- Opening Delimiter -

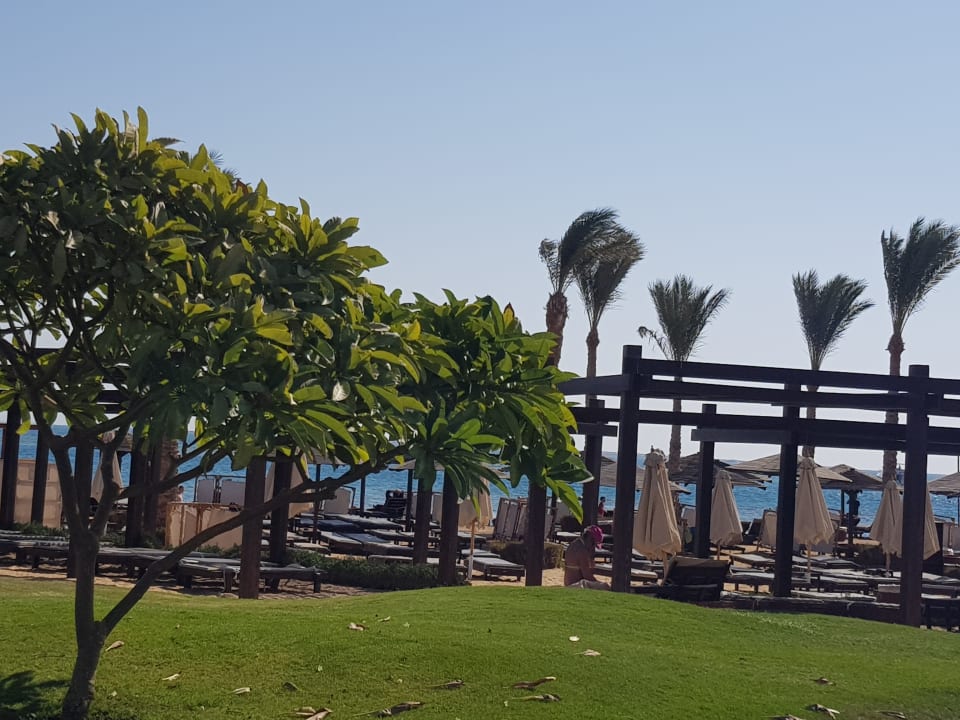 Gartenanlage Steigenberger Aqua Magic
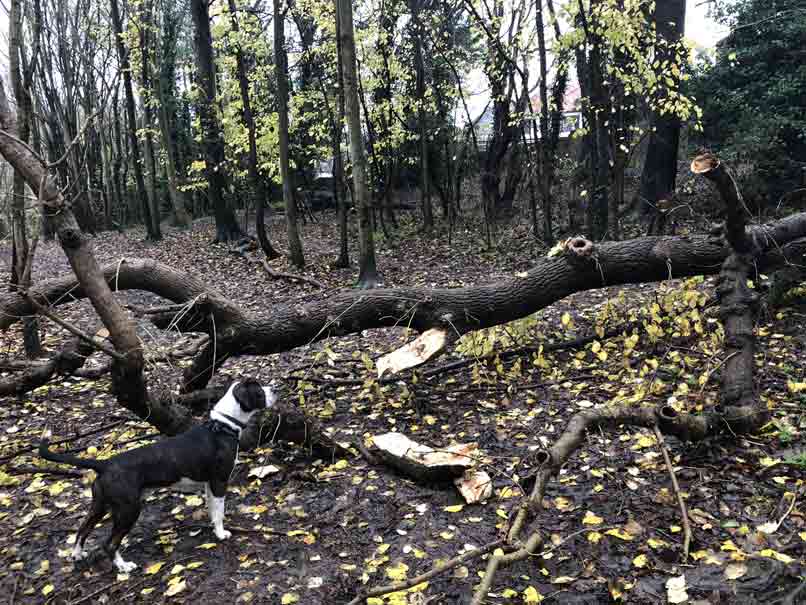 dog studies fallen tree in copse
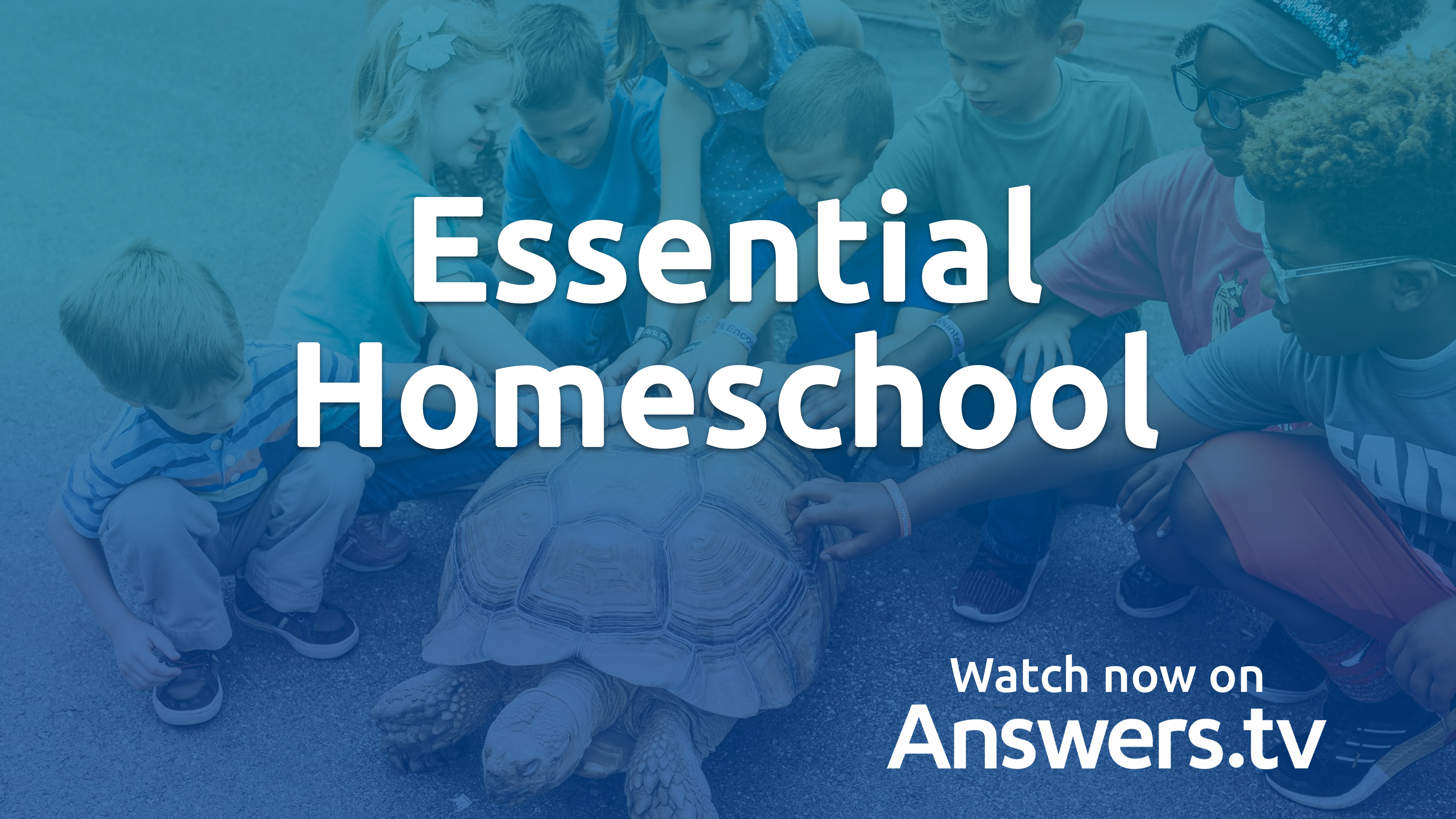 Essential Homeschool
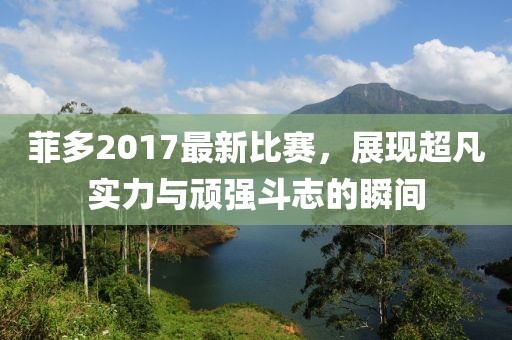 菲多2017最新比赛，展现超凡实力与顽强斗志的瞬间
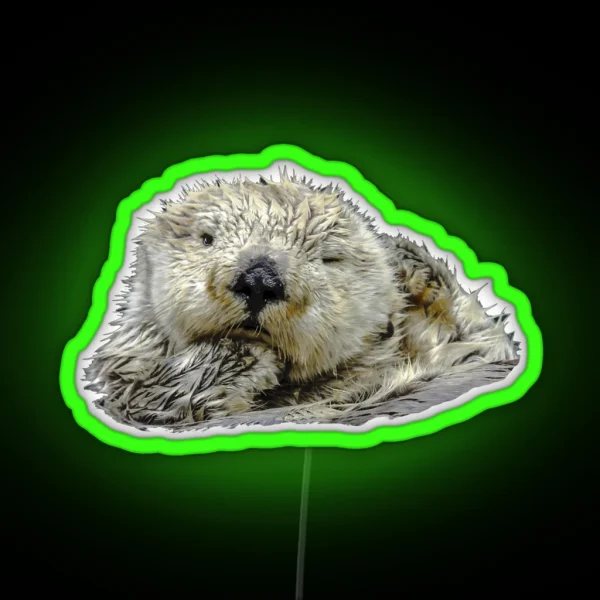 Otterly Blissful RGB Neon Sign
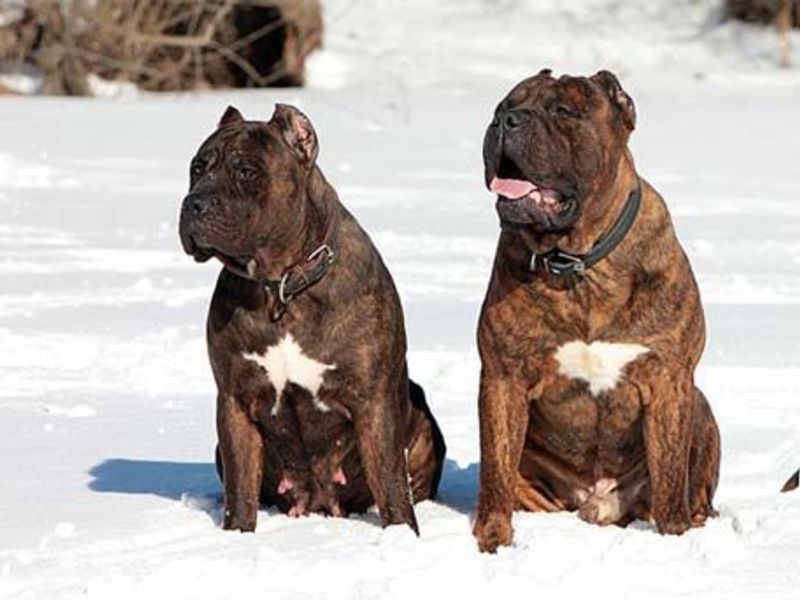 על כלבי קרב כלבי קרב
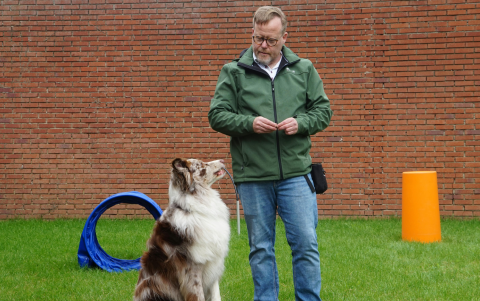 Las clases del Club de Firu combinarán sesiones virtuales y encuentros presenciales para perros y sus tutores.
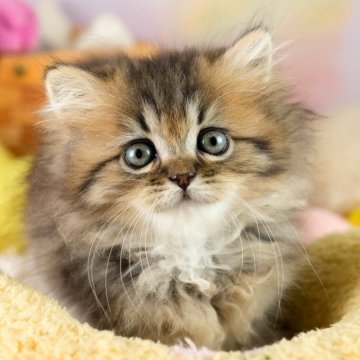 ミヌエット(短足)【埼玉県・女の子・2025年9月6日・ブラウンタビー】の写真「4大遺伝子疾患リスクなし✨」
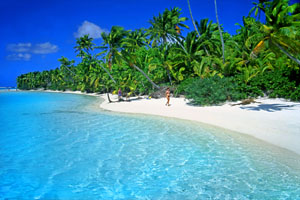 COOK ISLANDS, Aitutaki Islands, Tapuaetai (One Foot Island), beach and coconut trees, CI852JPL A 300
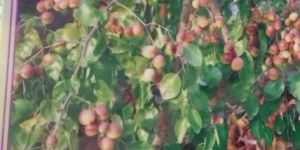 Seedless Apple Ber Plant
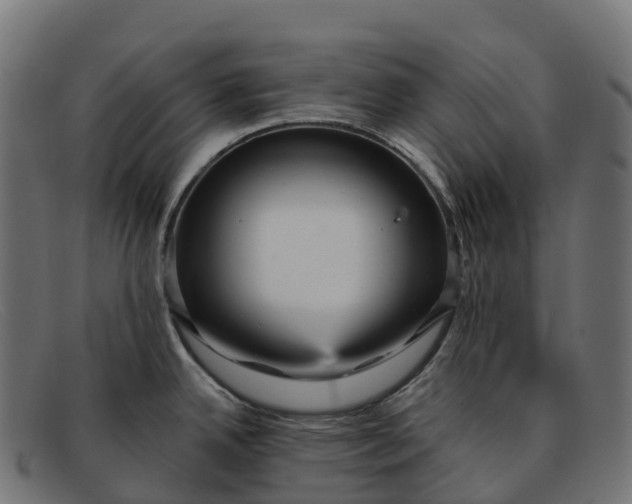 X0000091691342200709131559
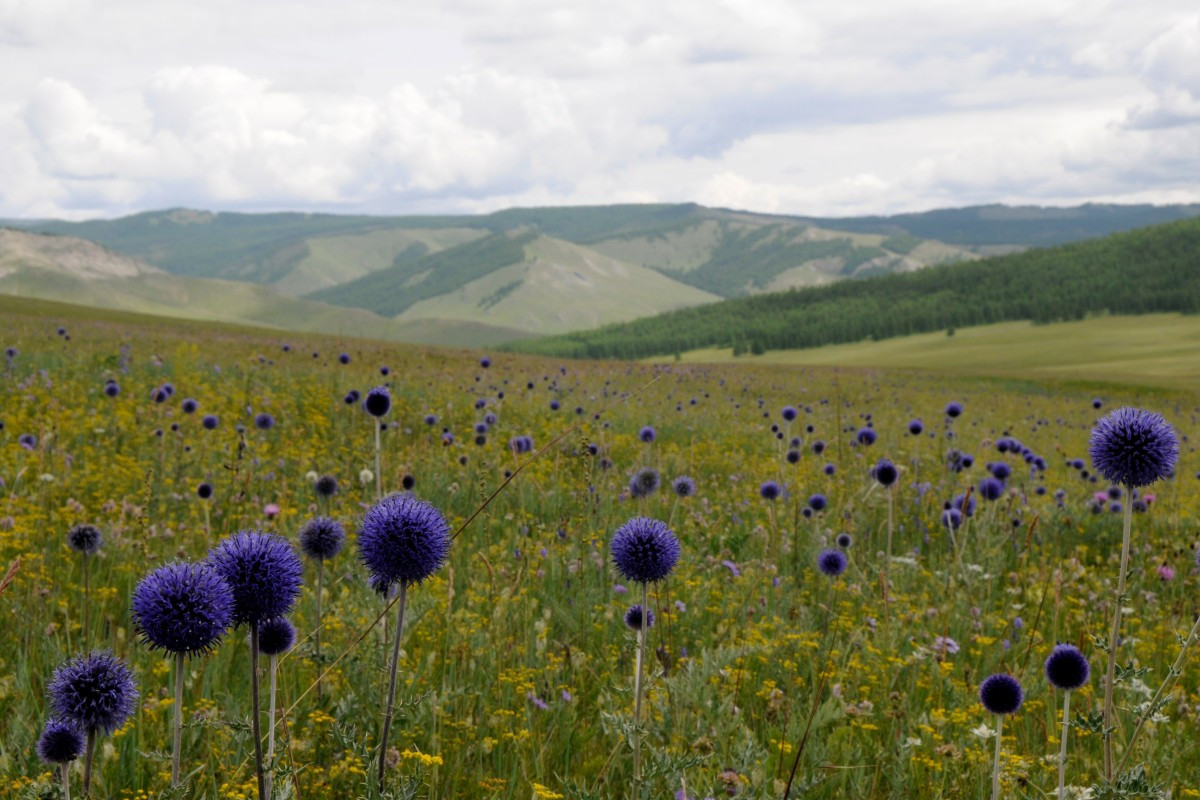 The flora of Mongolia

- Closing Delimiter -

Try it:
Retype exactly the lines from the line containing "dog studies fallen tree in copse" through the end of the entries above, including both ends, and leave every picture out.

Written response:
 dog studies fallen tree in copse
 Essential Homeschool
 菲多2017最新比赛，展现超凡实力与顽强斗志的瞬间
 Otterly Blissful RGB Neon Sign
 על כלבי קרב כלבי קרב
 Las clases del Club de Firu combinarán sesiones virtuales y encuentros presenciales para perros y sus tutores.
 ミヌエット(短足)【埼玉県・女の子・2025年9月6日・ブラウンタビー】の写真「4大遺伝子疾患リスクなし✨」
 COOK ISLANDS, Aitutaki Islands, Tapuaetai (One Foot Island), beach and coconut trees, CI852JPL A 300
 Seedless Apple Ber Plant
 X0000091691342200709131559
 The flora of Mongolia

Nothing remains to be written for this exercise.